Eduardo Enrique Murat Hinojosa (born August 29, 1980) is a Mexican politician, member of the Institutional Revolutionary Party (PRI). He has been a senator and is a federal deputy for the period from 2021 to 2024.

== Biography ==
He is the son of José Murat Casab, among various positions, Governor of Oaxaca from 1998 to 2004 and brother of Alejandro Murat Hinojosa, who was also Governor of Oaxaca from 2016 to 2022.

He has a law degree from the Instituto Tecnológico Autónomo de México, an MBA from Babson College and a Diploma in Political Marketing from George Washington University.
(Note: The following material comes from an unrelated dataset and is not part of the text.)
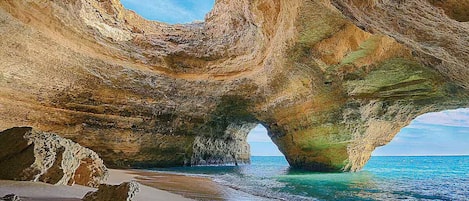 Sur la plage, chaise longue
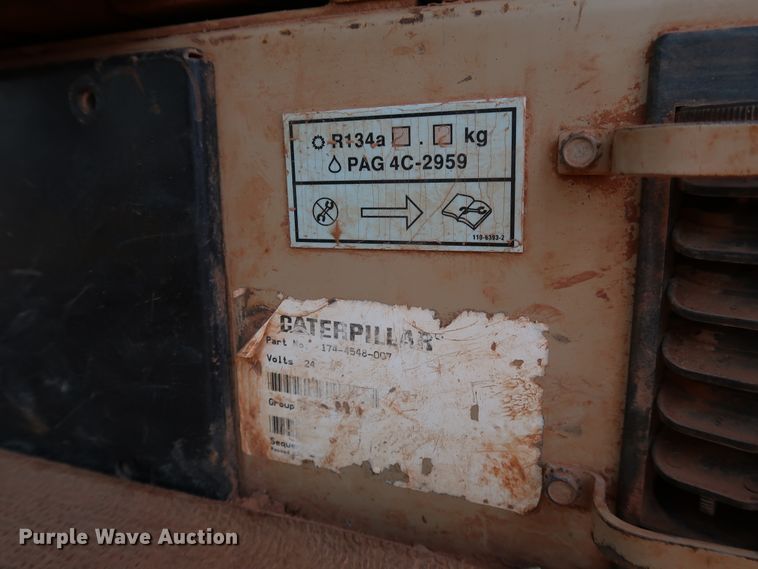 image for item DJ1951 2005 Caterpillar 140H VHP  motor grader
In 2018 he was registered as a candidate for alternate senator on the national list of the Green Ecologist Party of Mexico (PVEM), with the owner candidate being Manuel Velasco Coello, who at the time was serving as Governor of Chiapas. They were elected by said principle to the LXIV and LXV Legislatures from 2018 to 2024, for which Velasco — in a controversial process — requested a license from the Chiapas governorship on August 29, protested as a senator on September 1 and requested a license for said position the following day, with the intention of becoming governor again; Given what parties opposed to Velasco considered a political excess, in a first vote they denied his license request, however, on the same day and in a second vote, it was finally granted. Before which, on September 6, Eduardo Murat protested as senator in substitution of Velasco, assuming the positions of president of the Environment, Natural Resources and Climate Change commission; and as a member of the Administration Commissions; Science and Technology; and, of Justice. Almost a year later, on September 3, 2019, Eduardo Murat in turn requested a license from the Senate, which allowed the reinstatement of Manuel Velasco Coello.

In 2021 he was elected federal deputy by multinominal route, postulated by the PRI, to the LXV Legislature that will end in 2024. In it he is secretary of the Foreign Relations commission; and member of the commissions; of Science, Technology and Innovation; and Environment and Natural Resources.